新年あけましておめでとうございます。今年もよろしくおねがいいたします。


 新年早々、昨年のスランプを引きずっており、年末から新年にかけて、一冊も本が読めない状態である。これは昨年の11月あたりから続いており、自分でもどうしようもない状態に陥っている。
 で、どうしてそうなってしまったか自分なりに考えてみた。
 昨年、密かに一年間で100冊本を読んでやろうと企んでいた。もっとはっきり言うと、一昨年もそう思っていた。しかし一昨年はそれができなかったので、昨年リベンジじゃないけれど、頑張ってみようと、私にしては結構ハイスピードで本を読んできた。といっても本を読むペースは決まっているようなので、後は本を読む時間を一日のうちどれだけとれるかで、読める冊数が決まってくる。そのため仕事以外ではほとんど本を読むことに費やしてた。これがまずかった。いつの間にか本を読むことが義務になり、それがストレスとなってしまったのではないかと思うのだ。
 年間100冊なんて私には無理だと分かった。無理なことをしたって仕方がない。しかもこうしてブログに書くとなれば、それだけで結構時間を必要とする。焦っているうちに時間がなくなっていき、最後は本も読めない。そしてかろうじて読んだ本のことも書けなくなってしまった。

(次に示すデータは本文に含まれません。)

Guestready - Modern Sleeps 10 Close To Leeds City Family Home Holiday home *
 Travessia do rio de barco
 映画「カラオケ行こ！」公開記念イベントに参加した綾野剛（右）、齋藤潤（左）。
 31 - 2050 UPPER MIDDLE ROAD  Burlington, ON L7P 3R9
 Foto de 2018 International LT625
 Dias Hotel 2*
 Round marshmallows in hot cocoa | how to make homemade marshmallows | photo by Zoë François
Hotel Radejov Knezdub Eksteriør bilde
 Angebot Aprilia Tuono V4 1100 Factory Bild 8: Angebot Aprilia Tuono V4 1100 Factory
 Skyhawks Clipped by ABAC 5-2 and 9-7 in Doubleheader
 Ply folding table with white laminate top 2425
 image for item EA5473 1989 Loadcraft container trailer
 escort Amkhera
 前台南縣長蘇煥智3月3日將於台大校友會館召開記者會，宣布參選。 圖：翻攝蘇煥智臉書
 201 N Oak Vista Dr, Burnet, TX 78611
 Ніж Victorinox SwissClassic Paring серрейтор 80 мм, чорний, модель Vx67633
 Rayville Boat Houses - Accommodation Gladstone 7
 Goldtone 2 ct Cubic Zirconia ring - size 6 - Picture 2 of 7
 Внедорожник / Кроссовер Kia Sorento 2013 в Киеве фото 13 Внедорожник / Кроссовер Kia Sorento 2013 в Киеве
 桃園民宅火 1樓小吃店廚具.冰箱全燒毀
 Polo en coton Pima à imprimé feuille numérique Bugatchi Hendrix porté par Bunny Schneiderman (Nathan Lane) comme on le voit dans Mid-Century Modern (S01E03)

 そのため今年は無理なことをせずに、のんびりと本を読むことにした。そして読めるまで開店休業になってしまうけれど、それも仕方がないと思っている。
 好きで本を読んでいるのにそれがストレスになってしまうのでは、話にならない。とにかくのんびり、気ままに、余裕をもって今年はやっていきたいので、更新はかなりペースダウンすることになると思います。ですから思い出したときで結構ですから、ちょっと覗いてくれれば有り難いです。
 とにかく新しい年はスタートしました。私はスタートダッシュはできそうもありませんが、何とか最後まで同じペースで完走できればいいなぁと考えております。